Depending on where you’re sitting, it may have seemed like the whole country came screeching to a halt when Covid-19 reached pandemic levels earlier this year. Many businesses struggled to adapt, and in some cases may still be struggling. Others reacted decisively and managed to serve both the public good and steer themselves through a difficult, and complicated economic times.
These are the solutions the businesses that are thriving amid the pandemic are using to be the best version of themselves they can be for the current moment.
Creating Service Lines
CareSignal, a digital service for patient scheduling and monitoring, stepped up to provide assistance to an already strained medical network. They quickly created a service line, which they called “COVID Companion” which uses an SMS platform to quickly relay information and updates about the ongoing pandemic.
Their service addresses specific needs that may be placing additional need on hospitals and medical providers around the nation, by providing care instruction, and location-specific updates about threat levels and containment procedures. This has helped reduce the strain on testing, and helped medical providers project an air of calmness and control at a time when it is vital to do so.
What Your Business Can Learn From This:
- Identify areas where your customers may have either new needs or additional strain
- Prioritize existing services that may address those needs
- Considering creating new services that may serve this specific moment in time
Shifting to Online/Digital Services
Horderly, a professional organization service, found itself outside the category of business that would allow them to continue the in-person aspects of their business. Rather than turning customers away, or allowing bookings to pile up and creating a massive backlog, they launched a digital version of their service.
Their digital platform was launched with the assumption that many potential customers were stuck at home, wanting a more organized space, and having more time to do it themselves. Their digital services include consulting, action steps, and tools to help subscribers organize their homes with Horderly’s help.
What Your Business Can Learn From This:
- Consider ways that the situation might be creating needs or potential customers that didn’t exist before.
- Think creatively about which aspects of your business can be done remotely, by adding consulting and video services, even if that means offering a pared-down version of your service.
- Assure your customers that they are still getting the full benefit of your expertise, even without your physical presence.

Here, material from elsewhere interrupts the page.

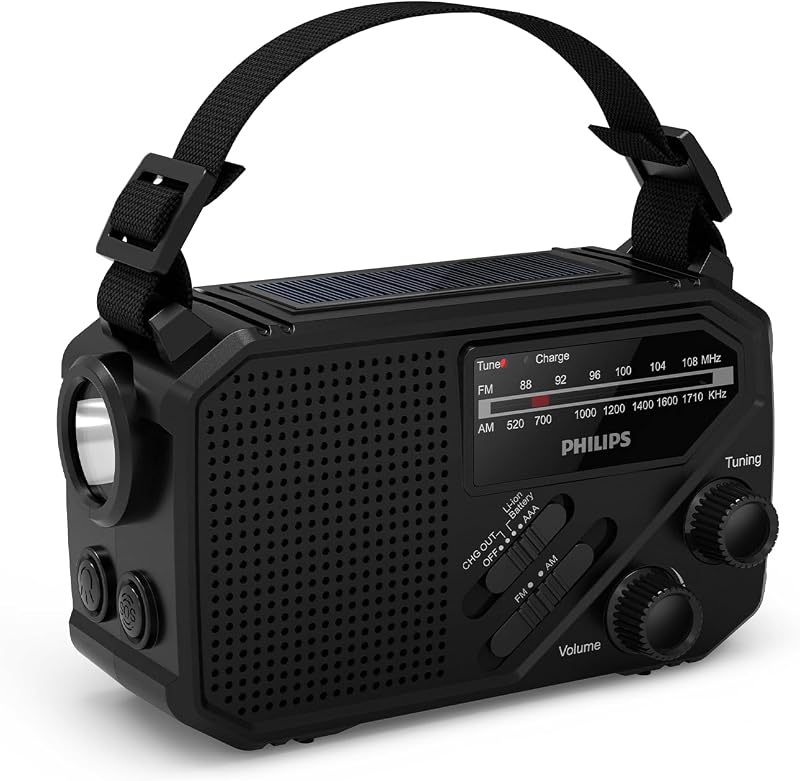 Philips TAR1609 Portable FM/AM Radio with Solar USB Crank Battery Torch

Offering Free Versions of a Service
Educational media producer Weird Enough Productions found itself in a difficult position when the pandemic closed down schools. With much of their business relying on schools being open and equipped to use their programs, they were faced with the possibility of mass cancelation and stagnation.
Instead, they did something bold: they offered their service for free to educators. With teachers in many cases struggling to move classes online and keep students engaged over video and remote schooling, Weird Enough Productions saw that their service and materials could play a vital role in keeping students engaged, and continuing their education even as traditional, in-person schooling is floundering for a solution.

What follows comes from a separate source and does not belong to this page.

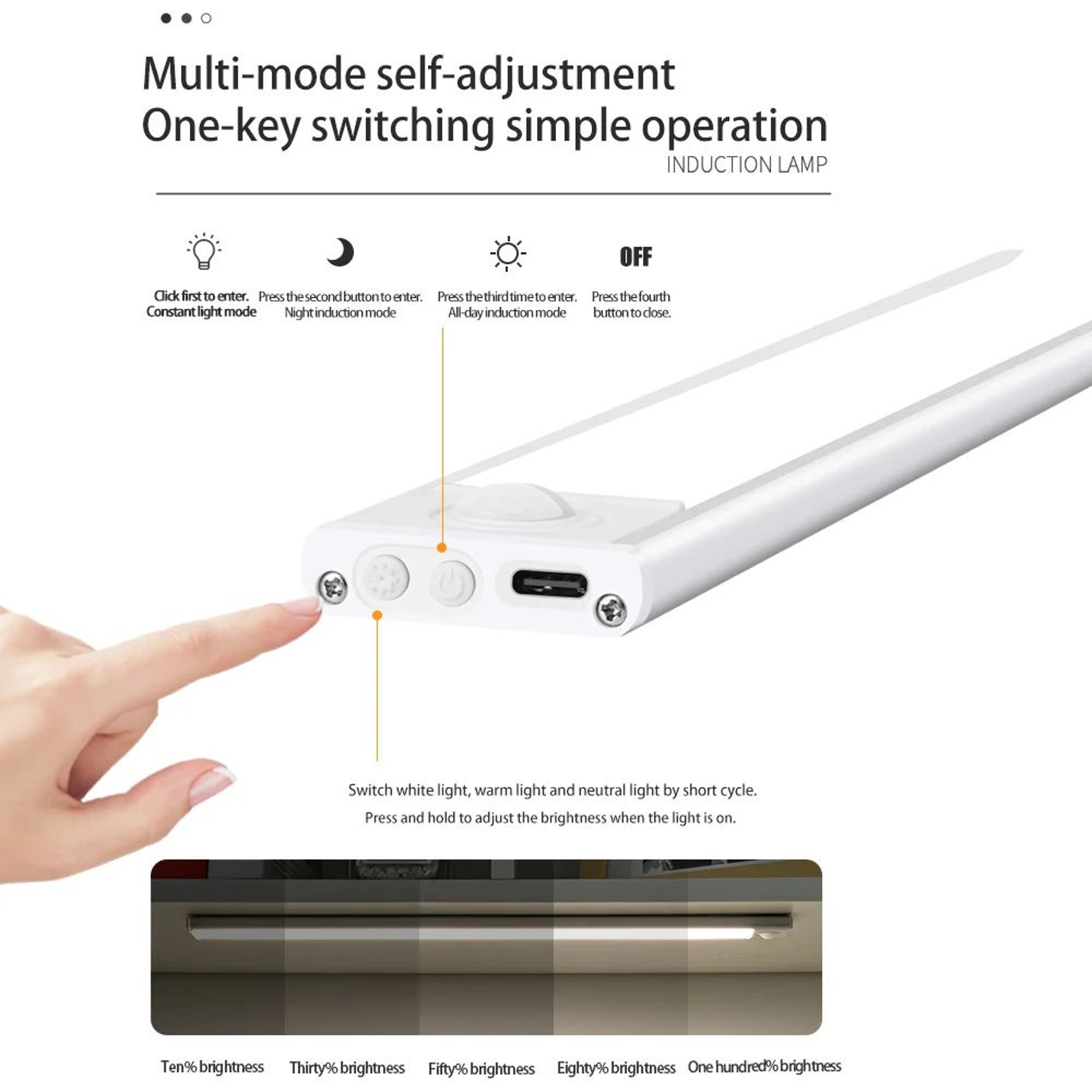 Ultra Thin Motion Sensor LED Under Cabinet Light 1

What Your Business Can Learn From This:
- Giving something now, whether it’s free trials, waiving enrollment fees, or removing restrictions, will often build long term relationships.
- Calculate if the cost of giving something for free will yield results in the form of building name recognition or having your foot in the door.
- Realize that new, free subscribers are not a loss, but rather a pipeline of clients that can be upgraded to premium versions of your service in the future.
Expanding Delivery, and Partnerships
Piroshky Piroshky, a Russian bakery in Seattle’s iconic Pike Place market found itself in the same position as all restaurants: their dine-in service was shut down entirely, and they were restricted to pick-up and delivery. Rather than simply hunkering down and hoping their existing delivery business was going to be enough, they started expanding.
They beefed up their website and online presence, expanded their delivery options, and even began including other businesses in the market and nearby in their delivery services. They received a huge spike in business, driven in part by the expanded variety of options, and people looking to support local businesses for delivery and carryout.
What Your Business Can Learn From This:
- Consider that other businesses are in the same position you’re in
- Offer partnerships that bundle products or services
- Expand both your offerings and your online presence.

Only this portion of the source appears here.